# ~ Stoeka -- My Best Girl (RIP)



## flamingauburnmustang (Dec 25, 2008)

On Sunday 7th March, I lost my closest and most treasured friend, Stoeka. The moment my father told me she died, my whole world felt like it came crashing down and I couldn't breathe... 

She was 26 years old, and even though she was old, she still acted like a 5 year old. She was still jumping like anything, a week before she left us, she jumped over a fence that was around 1,30 metre from a standstill! 

I still can't believe that she is truly gone...I have known her for almost 7 years, and she has helped me every minute of the way. I had my first jump on her, and lots and lots of hardship. We went through lots of things together, and she was always a shoulder to cry on when I had problems.

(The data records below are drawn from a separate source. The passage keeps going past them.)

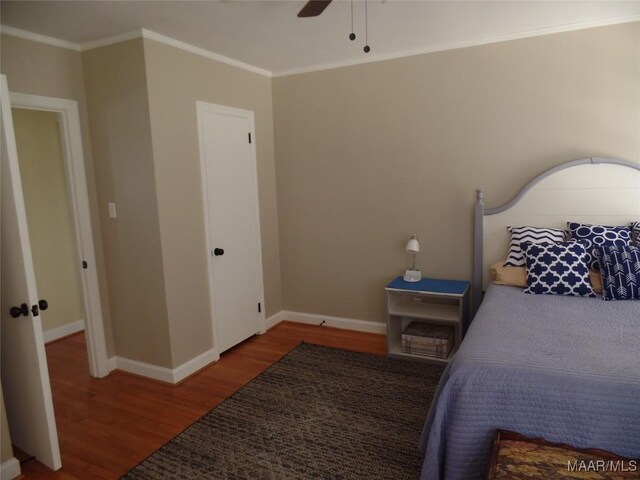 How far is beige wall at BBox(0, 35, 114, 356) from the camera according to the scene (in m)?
2.71

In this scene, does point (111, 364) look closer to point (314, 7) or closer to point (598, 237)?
point (314, 7)

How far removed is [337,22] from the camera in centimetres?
279

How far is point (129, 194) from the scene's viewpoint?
3117mm

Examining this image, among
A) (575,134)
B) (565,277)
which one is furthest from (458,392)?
(575,134)

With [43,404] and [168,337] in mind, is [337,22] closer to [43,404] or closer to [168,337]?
[168,337]

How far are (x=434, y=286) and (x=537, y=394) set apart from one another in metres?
1.73

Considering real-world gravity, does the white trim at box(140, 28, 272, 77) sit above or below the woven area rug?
above

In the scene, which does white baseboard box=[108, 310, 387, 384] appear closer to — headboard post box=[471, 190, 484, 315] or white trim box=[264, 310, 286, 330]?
white trim box=[264, 310, 286, 330]

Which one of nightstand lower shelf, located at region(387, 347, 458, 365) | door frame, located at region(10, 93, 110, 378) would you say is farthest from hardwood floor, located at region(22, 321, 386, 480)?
door frame, located at region(10, 93, 110, 378)

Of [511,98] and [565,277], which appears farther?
[511,98]

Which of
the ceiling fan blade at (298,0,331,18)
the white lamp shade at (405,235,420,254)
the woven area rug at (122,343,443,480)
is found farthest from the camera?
the white lamp shade at (405,235,420,254)

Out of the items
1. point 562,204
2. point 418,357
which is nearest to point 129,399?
point 418,357

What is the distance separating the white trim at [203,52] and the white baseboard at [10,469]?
264 cm

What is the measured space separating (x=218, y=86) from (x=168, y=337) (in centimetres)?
203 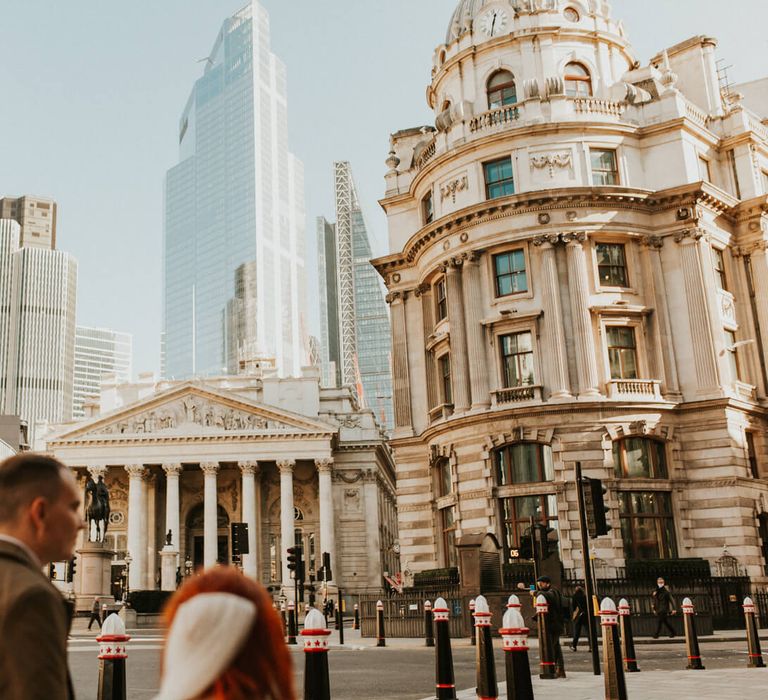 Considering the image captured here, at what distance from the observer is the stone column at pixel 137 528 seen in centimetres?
6957

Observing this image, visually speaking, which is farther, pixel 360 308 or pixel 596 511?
pixel 360 308

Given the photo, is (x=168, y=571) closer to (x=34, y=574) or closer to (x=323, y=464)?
(x=323, y=464)

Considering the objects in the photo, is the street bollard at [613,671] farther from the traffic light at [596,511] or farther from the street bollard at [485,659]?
the traffic light at [596,511]

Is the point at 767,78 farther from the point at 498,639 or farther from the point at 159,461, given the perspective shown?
the point at 159,461

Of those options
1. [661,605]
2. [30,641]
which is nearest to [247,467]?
[661,605]

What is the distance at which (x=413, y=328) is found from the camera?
1742 inches

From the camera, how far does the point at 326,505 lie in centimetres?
7188

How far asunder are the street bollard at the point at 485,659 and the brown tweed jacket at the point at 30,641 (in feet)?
29.3

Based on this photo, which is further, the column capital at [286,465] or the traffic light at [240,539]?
the column capital at [286,465]

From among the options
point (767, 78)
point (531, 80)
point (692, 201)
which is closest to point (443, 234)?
point (531, 80)

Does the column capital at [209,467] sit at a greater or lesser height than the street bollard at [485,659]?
greater

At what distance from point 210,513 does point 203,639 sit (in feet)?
229

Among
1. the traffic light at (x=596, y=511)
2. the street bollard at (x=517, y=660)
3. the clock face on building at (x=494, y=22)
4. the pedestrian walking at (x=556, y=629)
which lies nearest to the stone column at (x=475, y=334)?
the clock face on building at (x=494, y=22)

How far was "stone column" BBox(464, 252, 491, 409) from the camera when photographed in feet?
126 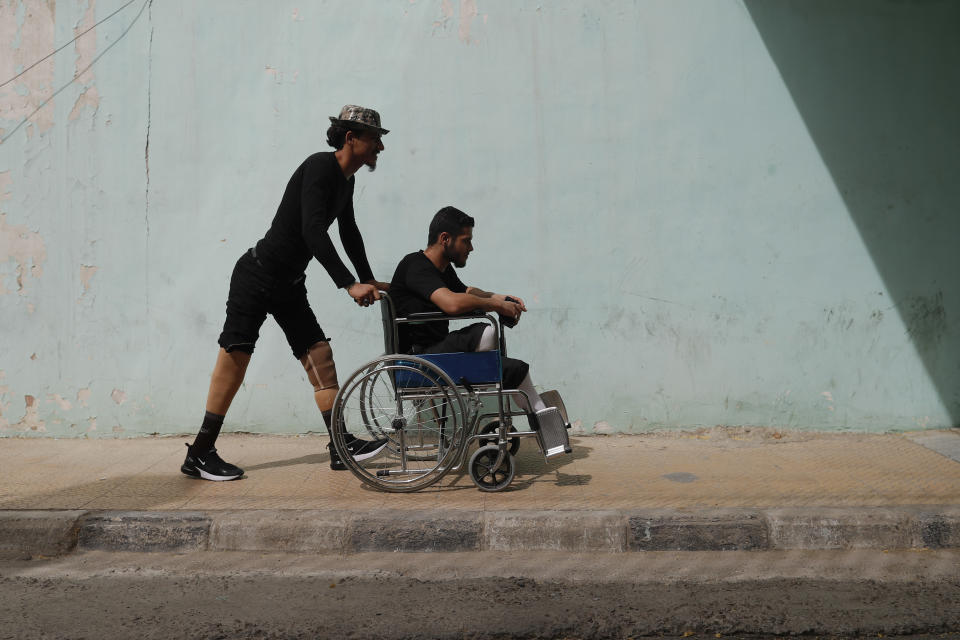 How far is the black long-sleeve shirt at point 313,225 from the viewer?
171 inches

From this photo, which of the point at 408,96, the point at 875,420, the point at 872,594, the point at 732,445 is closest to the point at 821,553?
the point at 872,594

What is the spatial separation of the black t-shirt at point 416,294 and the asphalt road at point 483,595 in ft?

When I found out she had gone, I felt a sharp, cold pain that went through my whole body. A few seconds after that I just felt a numb blanket wash over me....I couldn't feel anything....

I'm glad for that blanket, because without it I probably would have broken down. A week later it has started to lift, and now I am clearly feeling the pain of her absence. :sad:

I know for a fact that this is what horse owners are going to be going through all the time, because unfortunately an equine's life span is much shorter than ours, and that we are all going to have to go through this all the time. This is my first one, and probably to me the most painful...

I will always remember you Stoeka. You are my best girl...always have and always will be...


----------



## myhorsesonador (Jun 21, 2009)

I am so sorry for your loss. She was truly beautful. I am sending hugs of comfurt your way.  (((((hug)))))


----------



## charlicata (Jan 12, 2010)

I'm very sorry for your loss.


----------



## Citrus (Feb 26, 2010)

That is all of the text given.